• Exercise details: What is needed is an exact copy of all the records below.

• Caption-style text data:
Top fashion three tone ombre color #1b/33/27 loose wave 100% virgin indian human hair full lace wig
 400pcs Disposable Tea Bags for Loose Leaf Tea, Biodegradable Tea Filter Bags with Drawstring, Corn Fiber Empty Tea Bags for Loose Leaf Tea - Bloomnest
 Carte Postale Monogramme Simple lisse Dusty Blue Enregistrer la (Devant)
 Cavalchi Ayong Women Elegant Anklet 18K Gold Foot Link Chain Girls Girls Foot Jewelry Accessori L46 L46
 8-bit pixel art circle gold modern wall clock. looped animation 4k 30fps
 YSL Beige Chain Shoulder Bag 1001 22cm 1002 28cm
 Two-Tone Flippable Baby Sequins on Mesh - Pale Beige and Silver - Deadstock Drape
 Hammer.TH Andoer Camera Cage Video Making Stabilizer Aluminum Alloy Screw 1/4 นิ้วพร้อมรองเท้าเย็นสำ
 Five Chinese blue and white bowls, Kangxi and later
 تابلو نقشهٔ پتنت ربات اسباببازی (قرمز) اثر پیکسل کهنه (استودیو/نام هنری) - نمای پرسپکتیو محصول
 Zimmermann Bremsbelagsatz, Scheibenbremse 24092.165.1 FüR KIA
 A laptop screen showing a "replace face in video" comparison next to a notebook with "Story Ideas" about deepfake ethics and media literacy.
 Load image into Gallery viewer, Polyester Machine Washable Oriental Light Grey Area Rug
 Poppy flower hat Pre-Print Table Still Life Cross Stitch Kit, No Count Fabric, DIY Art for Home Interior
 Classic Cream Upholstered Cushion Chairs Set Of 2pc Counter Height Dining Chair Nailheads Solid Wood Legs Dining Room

• Reply:
Top fashion three tone ombre color #1b/33/27 loose wave 100% virgin indian human hair full lace wig
 400pcs Disposable Tea Bags for Loose Leaf Tea, Biodegradable Tea Filter Bags with Drawstring, Corn Fiber Empty Tea Bags for Loose Leaf Tea - Bloomnest
 Carte Postale Monogramme Simple lisse Dusty Blue Enregistrer la (Devant)
 Cavalchi Ayong Women Elegant Anklet 18K Gold Foot Link Chain Girls Girls Foot Jewelry Accessori L46 L46
 8-bit pixel art circle gold modern wall clock. looped animation 4k 30fps
 YSL Beige Chain Shoulder Bag 1001 22cm 1002 28cm
 Two-Tone Flippable Baby Sequins on Mesh - Pale Beige and Silver - Deadstock Drape
 Hammer.TH Andoer Camera Cage Video Making Stabilizer Aluminum Alloy Screw 1/4 นิ้วพร้อมรองเท้าเย็นสำ
 Five Chinese blue and white bowls, Kangxi and later
 تابلو نقشهٔ پتنت ربات اسباببازی (قرمز) اثر پیکسل کهنه (استودیو/نام هنری) - نمای پرسپکتیو محصول
 Zimmermann Bremsbelagsatz, Scheibenbremse 24092.165.1 FüR KIA
 A laptop screen showing a "replace face in video" comparison next to a notebook with "Story Ideas" about deepfake ethics and media literacy.
 Load image into Gallery viewer, Polyester Machine Washable Oriental Light Grey Area Rug
 Poppy flower hat Pre-Print Table Still Life Cross Stitch Kit, No Count Fabric, DIY Art for Home Interior
 Classic Cream Upholstered Cushion Chairs Set Of 2pc Counter Height Dining Chair Nailheads Solid Wood Legs Dining Room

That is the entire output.